Die Schauspieler sind das verlässlichste Kapital des Films. Ron Perlman, geprägt von vielen Antiheldenrollen (Hellboy, Sons of Anarchy), verleiht Theo jene raue Würde und physische Präsenz, die seiner Figur Glaubwürdigkeit verschafft. Montaner und Keuchkerian funktionieren als ungleiches Ermittlerpaar und bringen Dynamik in ihre gemeinsamen Szenen – gerade Montaner überzeugt als dem Alkohol zugeneigte Polizistin, die mit ihren eigenen Dämonen zu kämpfen hat. Marco de la O (El Chapo) gelingt ein intensiver Auftritt als zwiespältiger Killer; die dominikanische Sängerin Natti Natasha überrascht in ihrem Spielfilm-Debüt durch ihre Präsenz und Itzar Ituño (Haus des Geldes) lockert den Film als überdrehte Drogen-Bossin mit komödiantischen Zwischentönen auf. Aber besonders der renommierte spanische Schauspieler Karra Elejalde bleibt als kongenialer Buddy Theos in Erinnerung. Diese Ensembleleistung rettet den Film vor völliger Beliebigkeit und schafft trotz schwacher Dialoge und stereotypisierter Nebenfiguren ein Minimum an Glaubwürdigkeit.

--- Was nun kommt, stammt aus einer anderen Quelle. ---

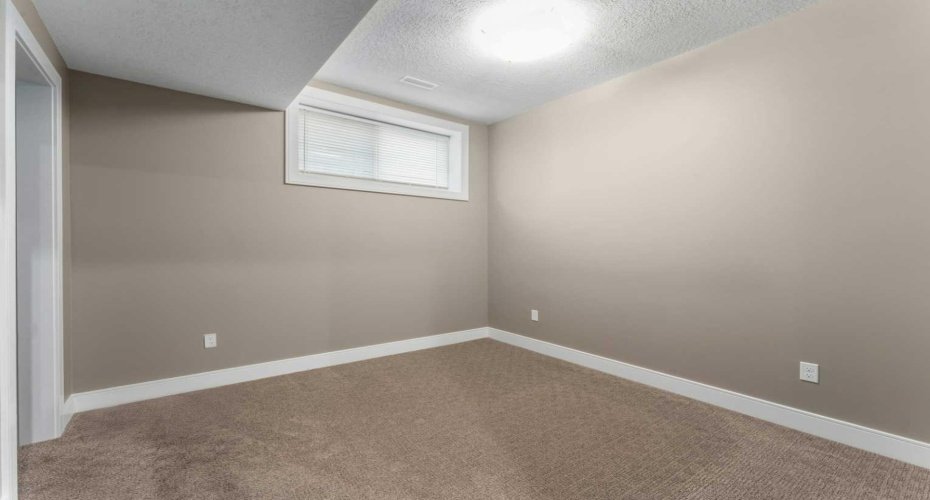 1 Cole Way, Sylvan Lake, Alberta T4S 0L6, 5 Bedroom Bedrooms, 0 ,4 BathroomBathrooms,Residential,For Sale,Cole Way,0,A2324799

Visuell bleibt The Gentleman hinter den Erwartungen zurück, die Beristain als Kameramann geweckt hätte. Javier Salmones, der hier für die Bildgestaltung verantwortlich war, kann diese nicht einlösen. Einzelne, im Regen getauchte Szenen evozieren kurz jene melancholische Noir-Stimmung, für die das Genre steht. Doch meist wirken die Bilder gewöhnlich, glatt und zu sonnendurchflutet. San Sebastián bietet zwar pittoreske Kulissen, aber keine echte Düsternis – die „Perle des Baskenlands“ ist schlicht zu hell für einen Film, der vom Schatten leben will. Das urbane Flair, welches im Roman (der in Madrid angesiedelt ist) ein wichtiger Stimmungsträger war, schwingt in der Verfilmung kaum mit und büßt so an atmosphärischer Kraft ein.

Schwaches Drehbuch

Das Drehbuch bleibt jedoch der wundeste Punkt. Drei konkurrierende Stränge – Theo, die Ermittlerin, der Killer Herodes – überlasten die Erzählung und werden nie wirklich organisch miteinander verwoben. Die Dialoge changieren zwischen plakativen Klischees und bemüht tiefer Philosophie. Zu viele Figuren werden in den 90 Minuten des Films eingeführt. Das sorgt für Verwirrung. Die überbordende Struktur und die mangelnde emotionale Klarheit sorgen dafür, dass die Motivation der Figuren oft nicht nachvollziehbar ist und die Handlung in bedeutungslosen Nebenepisoden verpufft. Im Vergleich dazu setzen Filme mit ähnlicher Prämisse wie John Wick oder Gran Torino bewusst auf klare emotionale Linien und verzichten auf narrative Überfrachtung.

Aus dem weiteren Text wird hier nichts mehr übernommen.